ANALYSE. So erfreulich die Eindämmung des Coronavirus ist und so herausragend das außerhalb Asiens auch sein mag: Nicht nur wirtschaftlich ist der Preis hoch.
Grausame Szenen wie in lombardischen Krankenhäusern sind Österreich erspart geblieben; bisher, wie man bei aller Vorsicht immer auch hinzufügen muss: Österreich hat es wie kaum ein anderes Land außerhalb Asiens geschafft, die Ausbreitung des Coronavirus einzudämmen. Das Gesundheitswesen ist weit von einem Kollaps entfernt geblieben. Zu viele, aber vergleichsweise halt doch sehr wenige Todesfälle sind verzeichnet worden.
Man könnte jetzt sagen, dass sich die Menschen, die in Österreich leben, das in gewisser Weise auch verdient haben: Früher als andere haben sie auf Geheiß der Regierung sehr viele Freiheitsrechte abgegeben und ihre Haus eher nur noch verlassen, wenn’s notwendig oder draußen zu schön war. Dort aber sind sie meist diszipliniert auf Distanz zueinander gegangen. Das ist das eine. Das andere: Das wirtschaftliche Leben ist mehr oder weniger stillgelegt worden. Hunderttausende sind in Kurzarbeit gewechselt, noch einmal Hunderttausende in die Arbeitslosigkeit abgestürzt, existenzielle Sorgen inklusive.

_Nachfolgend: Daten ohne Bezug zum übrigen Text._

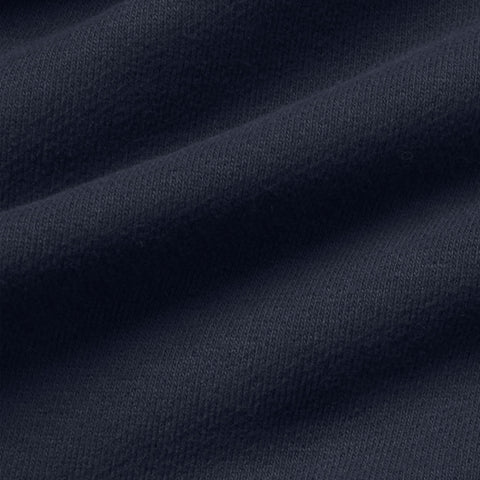 Close-up of midnight navy terry fabric.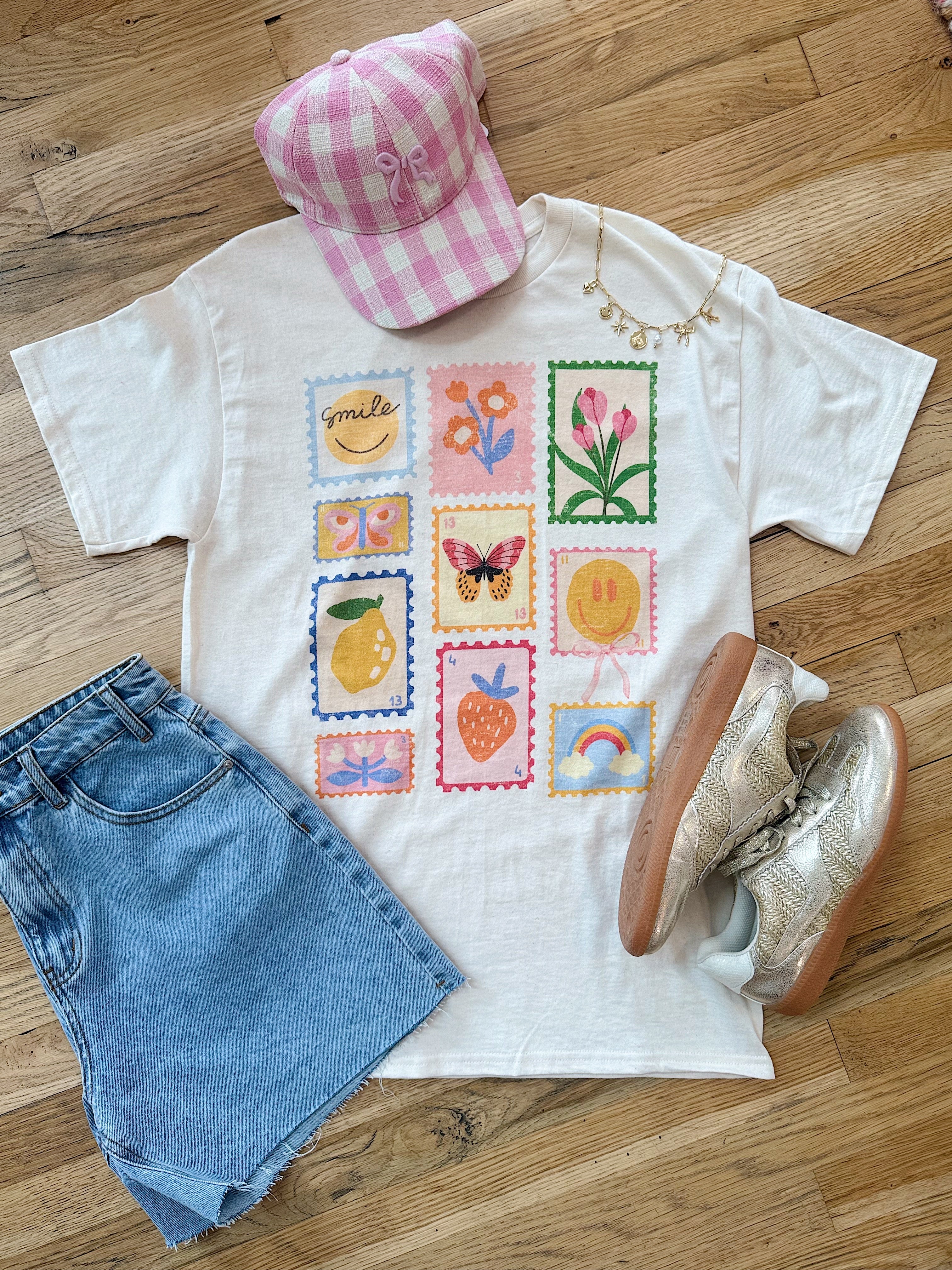 Good Vibes Stamp Oversized Tee with shorts, sneakers and a hat laid out on the ground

Und jetzt? Schalter um und retour? Eben das wird es hinten und vorne nicht geben und das kann einen auch durchaus sorgenvoll stimmen. Wo soll man anfangen? Vielleicht hier: Österreich hat sich im Notstand in eine zentral gesteuert Republik verwandelt. Die Regierung will in diesem Sinne in den nächsten Wochen entscheiden, welche Branchen und Betriebe unter welchen Bedingungen wieder in Gang gesetzt werden sollen. Das ist ein gut gemeintes, aber extrem riskantes Projekt: Erstens hängen fast alle Branchen und Betriebe zusammen, was dazu führt, dass A Probleme bekommen kann, wenn B weiterhin verpflichtet ist, stillzustehen. Und zweitens unterbindet es jegliche Kreativität: Gastronomiebetriebe sollen beispielsweise geschlossen bleiben, auch wenn der Besitzer eines Restaurants eine geniale Idee hätte, wie er einen Freibereich eröffnen könnte, in dem die Leute weit genug voneinander entfernt sitzen.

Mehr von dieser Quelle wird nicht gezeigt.